Towns often cut deals with developers |

Towns often cut deals with developers

Special to the DailyAvon, like many other small towns, will give a developer financial assistance to build a riverside village and gondola.

AVON ” The Village at Avon, which includes big boxes Wal-Mart and The Home Depot, will reap more than $36 million from Avon over 25 years.

Compared to that, $2.4 million dollars over two years may be peanuts, but whenever government hands out money to a private developer, there’ll be people grumbling about it.

“It’s still a lot of money though,” said Brian Martinson, but he said giving developments some monetary help would be OK “if they subsidize our lift tickets.”

Not likely.

Still, the town of Avon and other small-town governments are convinced cutting development a break is the way to go.

“It was equitable,” Councilwoman Amy Phillips said of the council’s unanimous decision to approve Riverfront Village’s development. “(Council) spent 20 hours in executive sessions to make sure we were giving our taxpayers a good deal.”

Phillips said the comments she’s heard about 19-acre Riverfront Village have been 90 percent positive. “People don’t like that there isn’t parking,” she said.

While on paper, Riverfront Village seems to have money going back and forth between developer East West Partners and Avon, the town is simplifying the matter by giving $1.557 million in tax rebates.

The big Kahuna

Avon staff and council members have received many a tongue lashing over what people consider Avon’s folly ” 25 years of tax breaks to the Village at Avon.

But the town maintains the deal ” which traded tax revenues for infrastructure construction and maintenance ” was savvy. The money must be spent on streets, roundabouts, utilities and other public improvements and cannot be used to build the 1,800-acre development.

“Because Traer Creek is building its own infrastructure, there will be no additional taxes or costs placed upon Avon residents, and it relieves the town from financing it,” said Avon spokeswoman Jacquie Halburnt.

Traer Creek issued bonds to build the infrastructure, and Avon will allow the tax break until the bonds are paid off. When that happens, sometime around 2027, Avon will take over the cost of services like police and maintaining the infrastructure ” all items Traer Creek currently takes care of or contracts out to Avon.

Traer Creek must also pay Avon lost sales tax revenues from the old Wal-Mart in Chapel Square if the shops there ” Pier One, Gart Sports and Office Depot ” don’t generate the same amount of sales tax as Wal-Mart did.

Phillips said she doesn’t disagree with the Village at Avon project as a whole, but said Avon had to give up something when it made the deal ” and it wasn’t money.

“In theory the tax sacrifice is OK,” Phillips said. “But we don’t have control over how the town grows.”

Because the Village at Avon formed its own metropolitan district ” a separate entity from the city ” Traer Creek has much more freedom than East West Partners in how it wants to develop.

Not just Avon

Across the High Country, local governments are trying to entice businesses and developers by flashing a little ” or a lot of ” cash.
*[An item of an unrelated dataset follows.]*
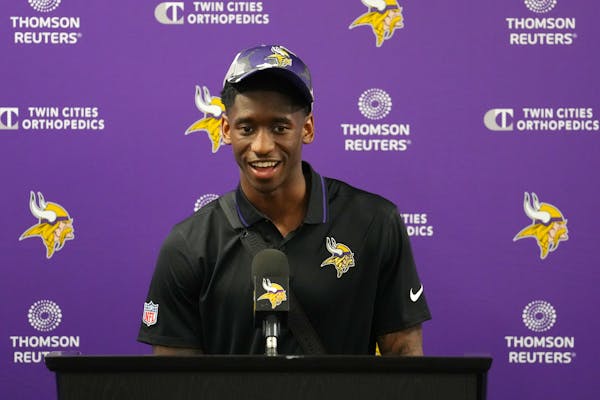 Vikings wide receiver Jordan Addison takes questions from reporters during a press conference the day after he was drafted Friday at the TCO Performan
To the east, Dillon most recently cut grocery store City Market a tax break in order to bring a supermarket to the Summit County town. Until then, the closest grocery stores had been in Breckenridge and Frisco. Instead of allowing the Dillon Town Council to approve the subsidy, Dillon went to the voters.

“Commercial (development) was on everybody’s mind,” said Dillon Town Manager Jack Benson. “There are still people who think the Dillon town core suffered because of the development.”

But Bensen said because of the money City Market brought in, Dillon has more money for roads, water, public works and other capital projects that improve the town. Dillon is now considering helping a Harley Davidson dealership come into town, along with other retail business that would form a shopping center.

In Gypsum, an incoming Costco ” a bargain retailer that sells in bulk ” can look forward to a rebate of 38 percent of its sales tax for up to three years.